* _What is being asked_:
Write out exactly the lines below starting at the one containing "値下げ　ビルフット SUP　FOIL サップ" and ending at the one containing "метадон Обь". Omit every picture.

* _Records to process_:
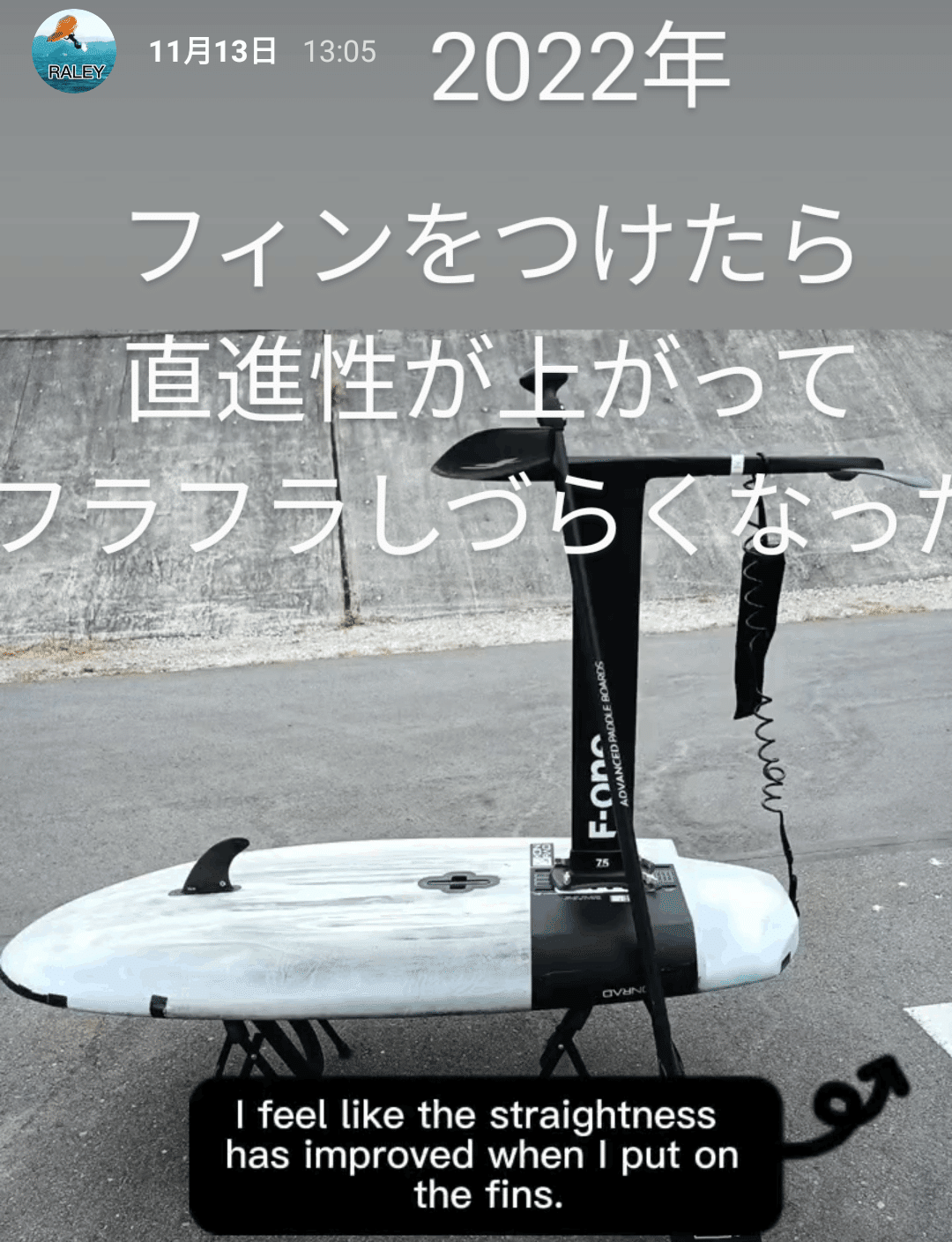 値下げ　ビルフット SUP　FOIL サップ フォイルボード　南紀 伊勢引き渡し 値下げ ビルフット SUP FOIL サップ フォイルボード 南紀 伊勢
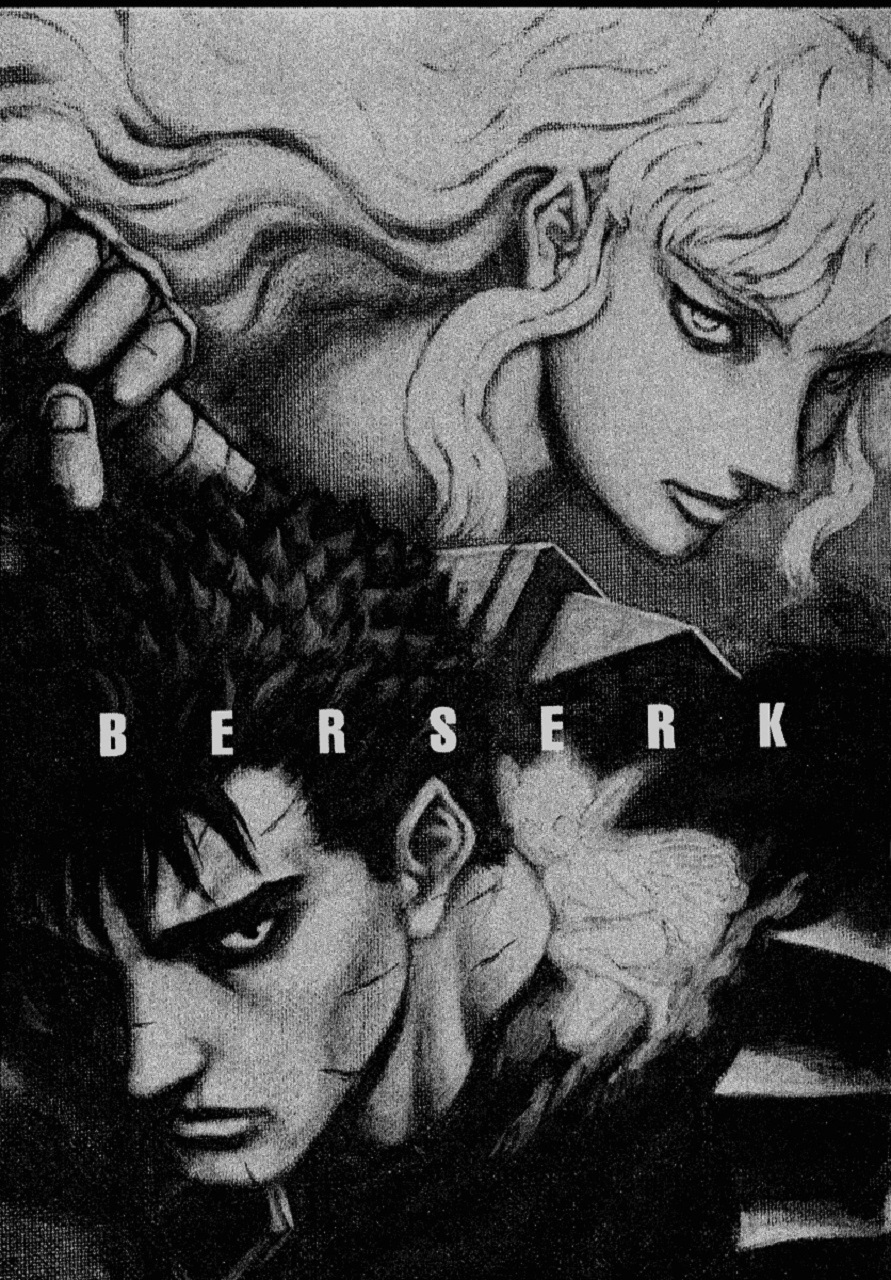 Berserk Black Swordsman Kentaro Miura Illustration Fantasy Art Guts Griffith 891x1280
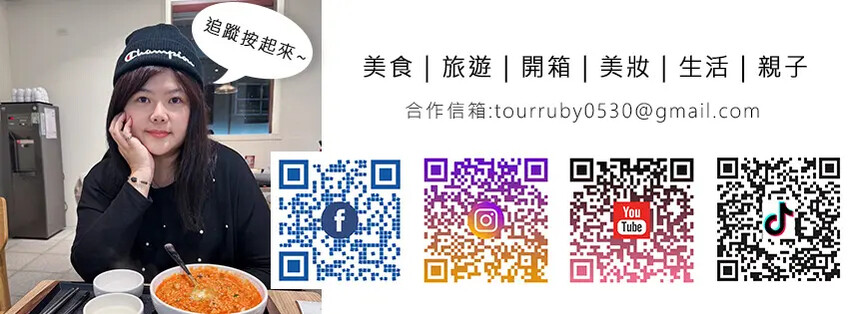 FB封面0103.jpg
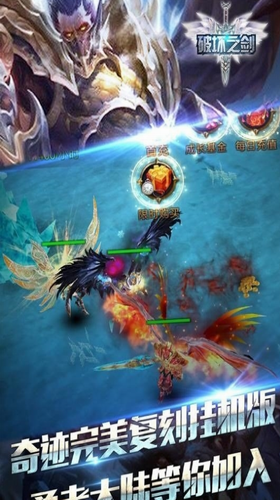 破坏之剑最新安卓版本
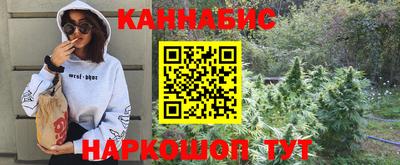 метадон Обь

...

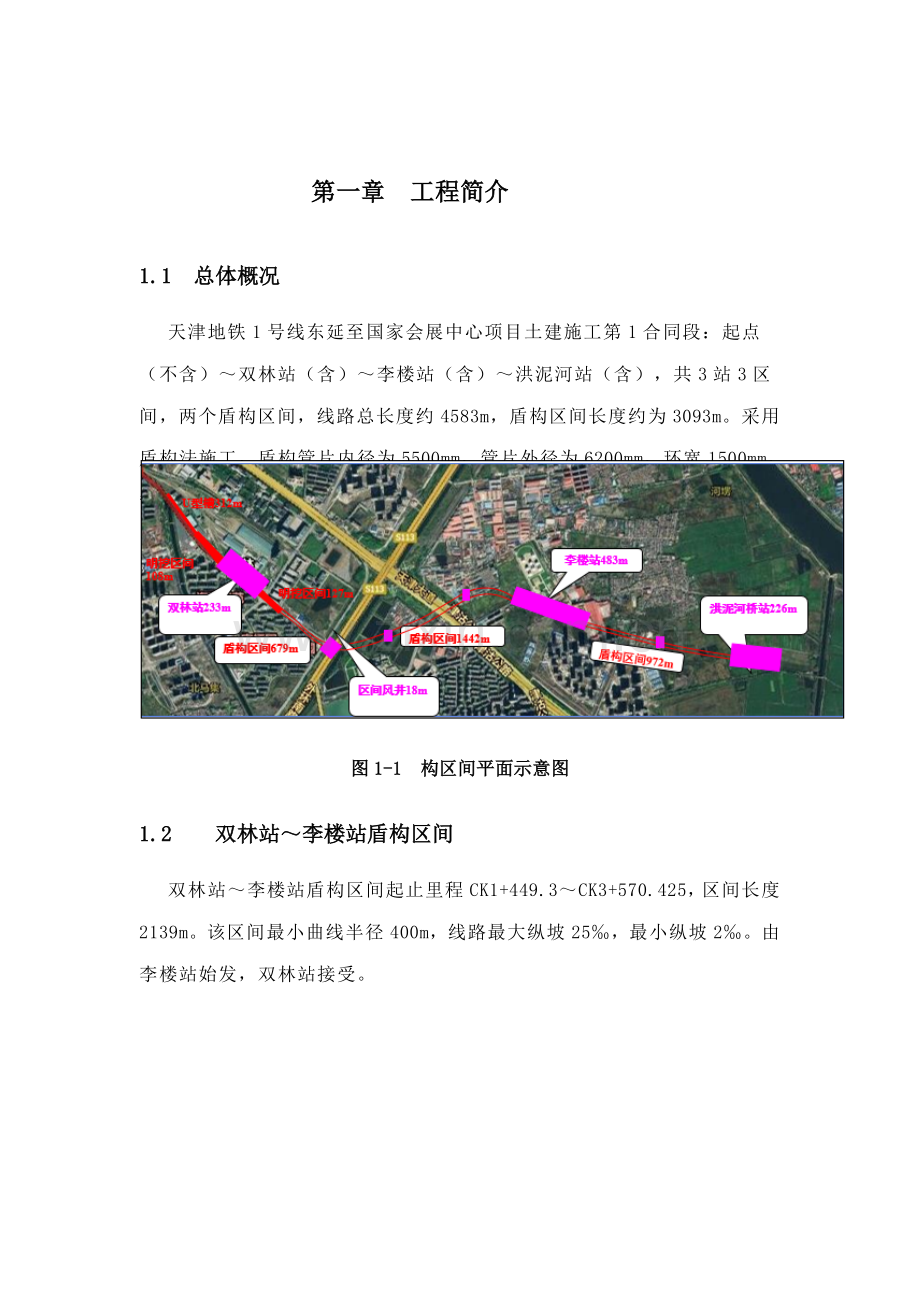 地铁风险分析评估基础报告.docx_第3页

* _Result for this task_:
 値下げ　ビルフット SUP　FOIL サップ フォイルボード　南紀 伊勢引き渡し 値下げ ビルフット SUP FOIL サップ フォイルボード 南紀 伊勢
 Berserk Black Swordsman Kentaro Miura Illustration Fantasy Art Guts Griffith 891x1280
 FB封面0103.jpg
 破坏之剑最新安卓版本
 метадон Обь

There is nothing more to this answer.